The task> A word-for-word copy of the entries is needed, and it should contain no images.

Material for this task>
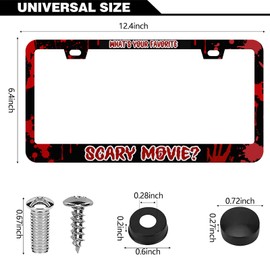 2Pcs What's Your Favorite Scary Movie？Ghost Face Vanity Car Tag Cover Creepy License Plate Frames Cover Holders Stainless Steel Horror License Plate Cover with Screw Caps Cover Set - 2-Hole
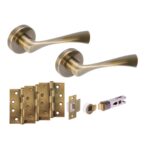 Hunta Hardware Zena Antique Brass Passage Internal Door Pack - Bullet Latch & 3 x 102mm FD Hinges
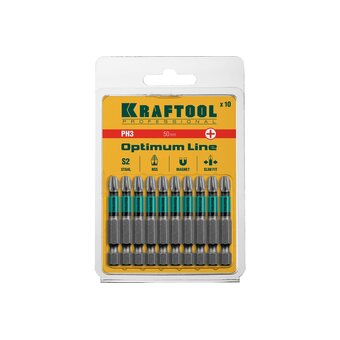  Биты KRAFTOOL 26122-3-50-10 Optimum Line, PH3, 50мм, тип хвостовика E 1/4", 10шт в блистере 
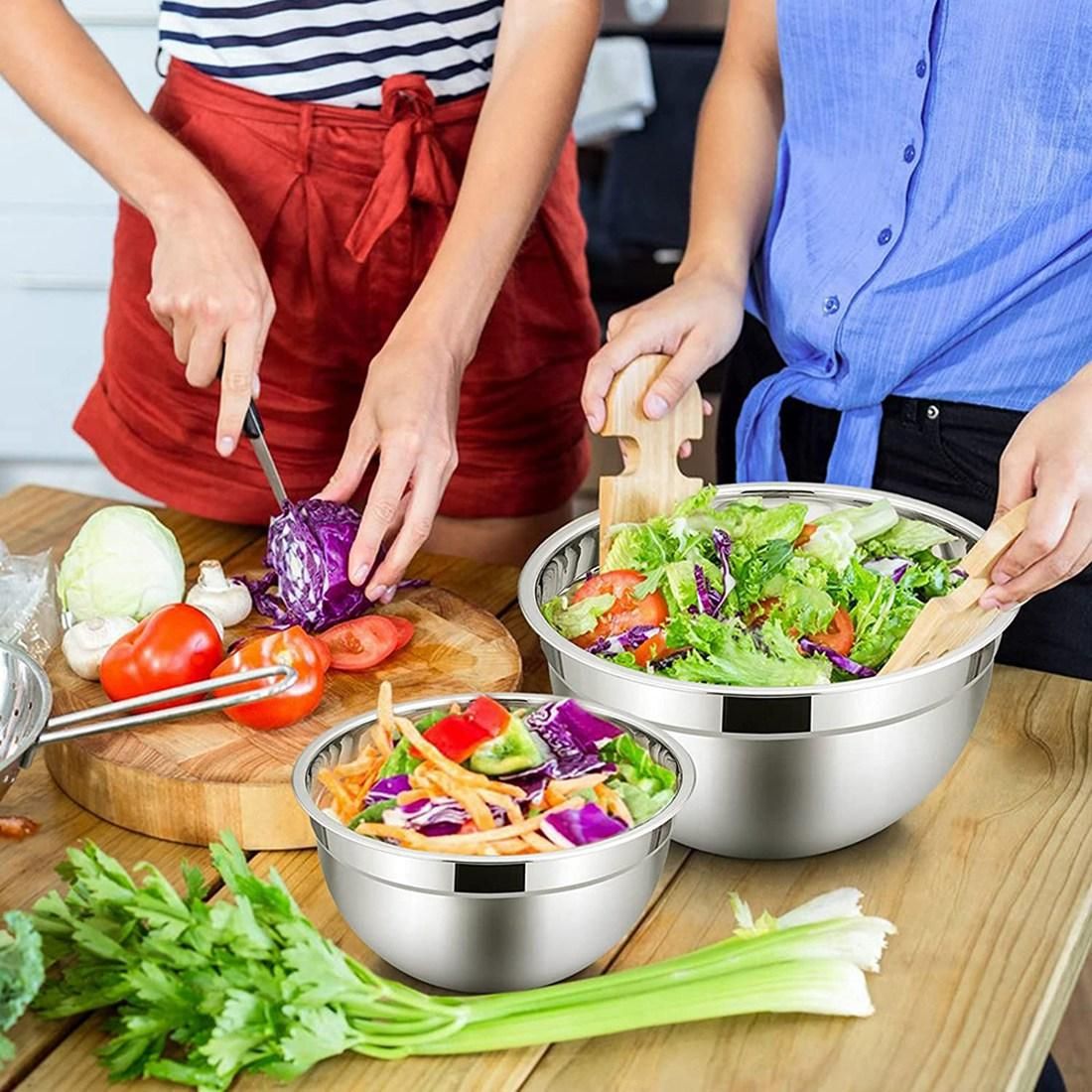 5 Pcs Mixing Bowl,Stainless Steel Stackable Salad Bowl with Airtight Lid,Serving Bowl for Kitchen Cooking Baking,Etc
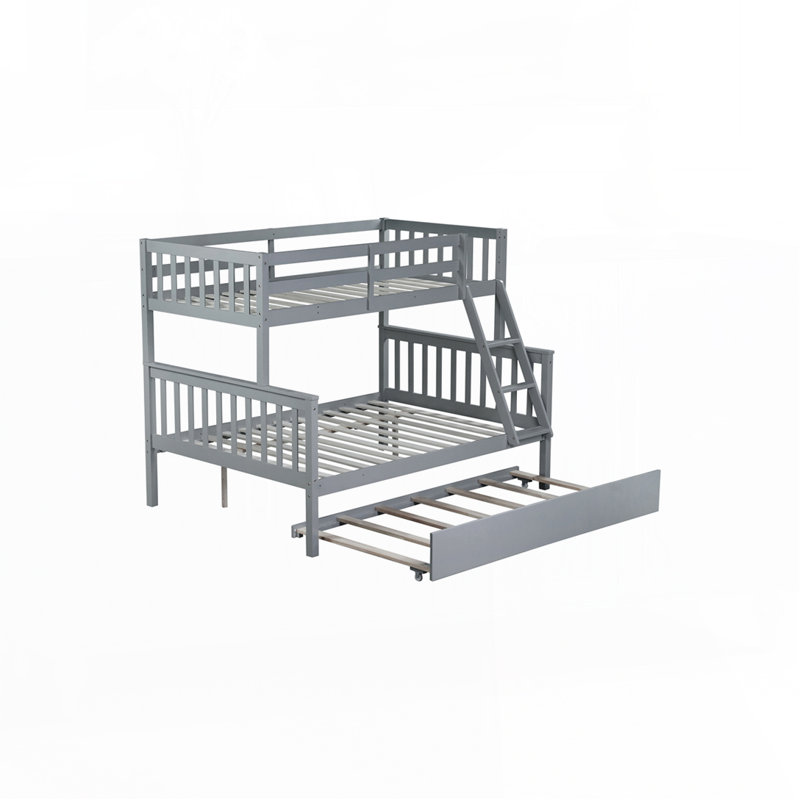 Lit simple superposé en bois d'hévéa avec lit gigogne, gris
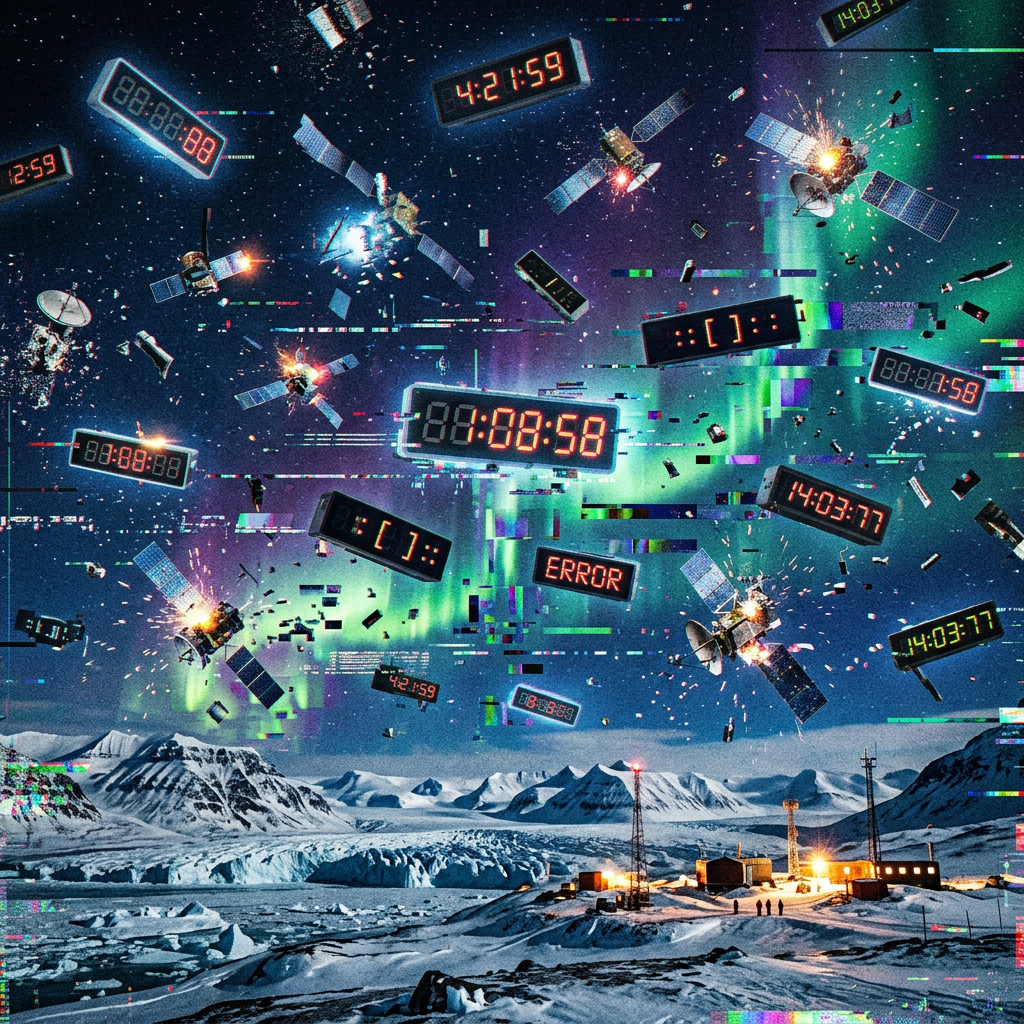 Satellites exploding and digital clocks showing errors over snowy arctic research base
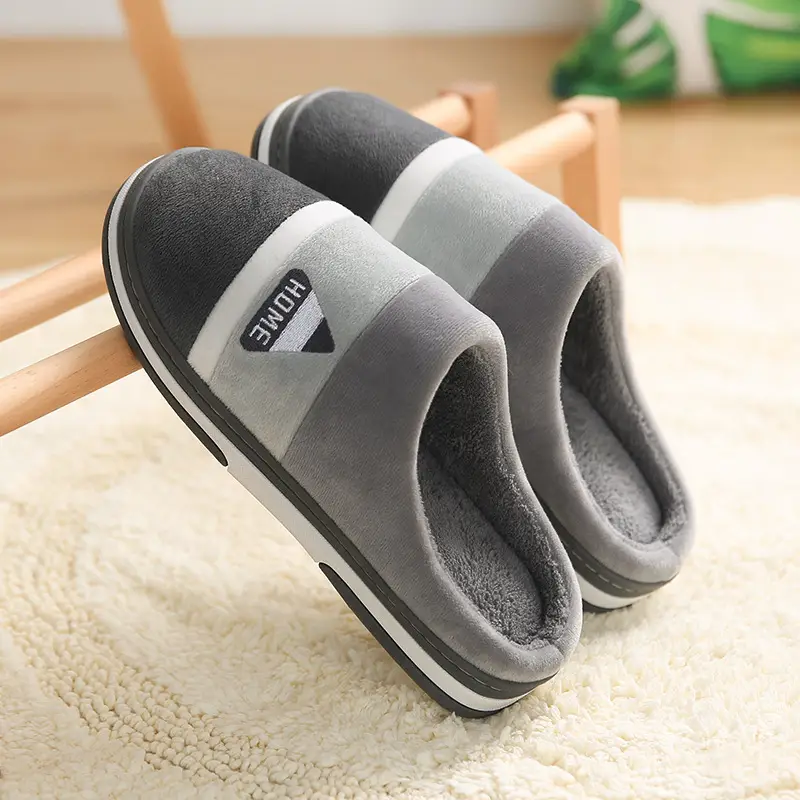 Men's Cotton Slippers for Autumn and Winter, Thick-Soled Indoor Slippers with Added Fleece for Warmth, Suitable for Home Use, Couple Slippers, Large Size for Men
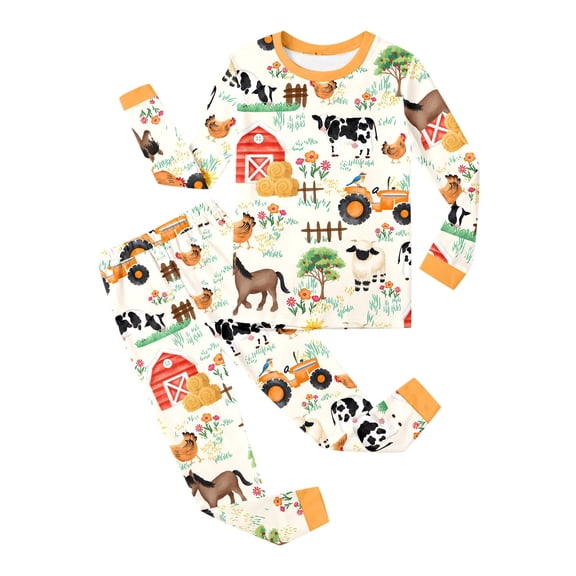 WOYY Toddler Boys 2-Piece Cute Animal Print Long Sleeve Top Pants Pajamas, Sizes 3-4T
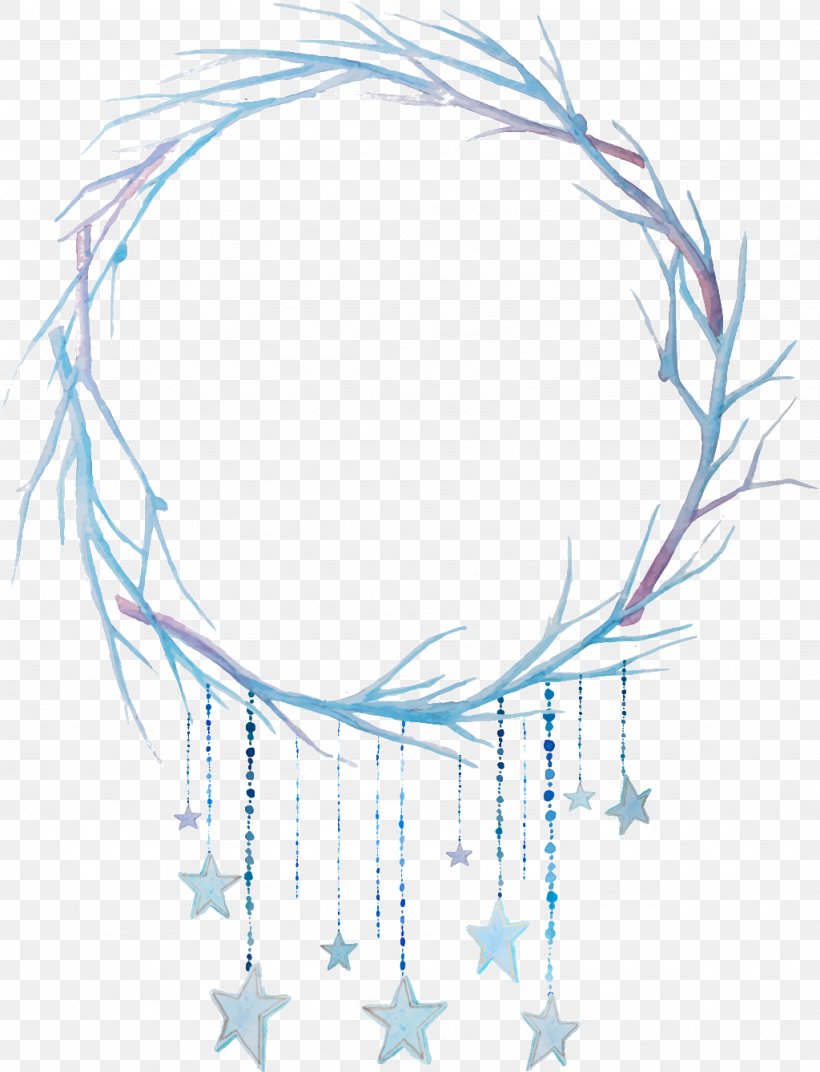 Wreath Watercolor Painting Stock Illustration, PNG, 1024x1339px, Wreath, Blue, Drawing, Flower, Garland Download Free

Output>
 2Pcs What's Your Favorite Scary Movie？Ghost Face Vanity Car Tag Cover Creepy License Plate Frames Cover Holders Stainless Steel Horror License Plate Cover with Screw Caps Cover Set - 2-Hole
 Hunta Hardware Zena Antique Brass Passage Internal Door Pack - Bullet Latch & 3 x 102mm FD Hinges
  Биты KRAFTOOL 26122-3-50-10 Optimum Line, PH3, 50мм, тип хвостовика E 1/4", 10шт в блистере 
 5 Pcs Mixing Bowl,Stainless Steel Stackable Salad Bowl with Airtight Lid,Serving Bowl for Kitchen Cooking Baking,Etc
 Lit simple superposé en bois d'hévéa avec lit gigogne, gris
 Satellites exploding and digital clocks showing errors over snowy arctic research base
 Men's Cotton Slippers for Autumn and Winter, Thick-Soled Indoor Slippers with Added Fleece for Warmth, Suitable for Home Use, Couple Slippers, Large Size for Men
 WOYY Toddler Boys 2-Piece Cute Animal Print Long Sleeve Top Pants Pajamas, Sizes 3-4T
 Wreath Watercolor Painting Stock Illustration, PNG, 1024x1339px, Wreath, Blue, Drawing, Flower, Garland Download Free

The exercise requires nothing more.